Кризис быстро перекинулся из Америки на весь остальной мир. Американские банки потребовали возврата кредитов, выданных европейским странам, в первую очередь Германии, на восстановление после Первой мировой. Это вызвало банковский коллапс в Европе. Мировая торговля практически остановилась. В Германии экономический хаос и массовая безработица создали идеальные условия для прихода к власти нацистов. Таким образом, косвенно, крах на Уолл-стрит стал одним из факторов, приведших ко Второй мировой войне.
Потребовались годы и радикальные меры, чтобы вытащить страну из пропасти. «Новый курс» президента Франклина Рузвельта — это была целая революция в американской экономике. Правительство начало активно вмешиваться в рыночные процессы, чего раньше никогда не делало. Были запущены масштабные общественные работы (строительство дорог, дамб, мостов), чтобы дать людям работу. Была создана система социального страхования и пособий по безработице. Но главное — была проведена жёсткая реформа финансового сектора, чтобы не допустить повторения катастрофы.
Был принят знаменитый закон Гласса-Стиголла, который на десятилетия разделил коммерческие и инвестиционные банки. Первым, которые работали со вкладами населения, было запрещено заниматься рискованными операциями на фондовом рынке. Была создана Федеральная корпорация по страхованию вкладов (FDIC), которая гарантировала сохранность денег простых граждан на случай банкротства банка. Была учреждена Комиссия по ценным бумагам и биржам (SEC), призванная следить за порядком на фондовом рынке, бороться с мошенничеством и инсайдерской торговлей. По сути, была создана целая система предохранителей, которой не существовало в «ревущие двадцатые».

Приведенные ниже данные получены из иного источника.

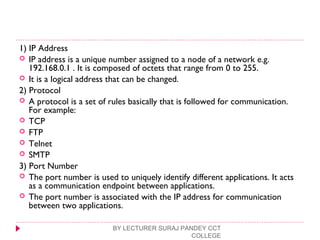 1) IP Address
 IP address is a unique number assigned to a node of a network e.g.
192.168.0.1 . It is composed of octets that range from 0 to 255.
 It is a logical address that can be changed.
2) Protocol
 A protocol is a set of rules basically that is followed for communication.
For example:
 TCP
 FTP
 Telnet
 SMTP
3) Port Number
 The port number is used to uniquely identify different applications. It acts
as a communication endpoint between applications.
 The port number is associated with the IP address for communication
between two applications.
BY LECTURER SURAJ PANDEY CCT
COLLEGE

Великая депрессия оставила глубокий шрам в национальном сознании Америки. Целое поколение выросло в атмосфере страха и неуверенности в завтрашнем дне. Этот опыт навсегда изменил отношение американцев к государству и рынку. Вера в то, что «невидимая рука рынка» сама всё отрегулирует, была подорвана. Люди поняли, что без государственного контроля и социальной защиты капитализм может превратиться в разрушительную стихию. И хотя многие из реформ Рузвельта до сих пор вызывают споры, именно они заложили основы современной американской экономической системы. А миф о летающих брокерах, хоть и является выдумкой, служит вечным напоминанием о той хрупкости финансового благополучия и о той цене, которую приходится платить за безудержную жадность и коллективное безумие.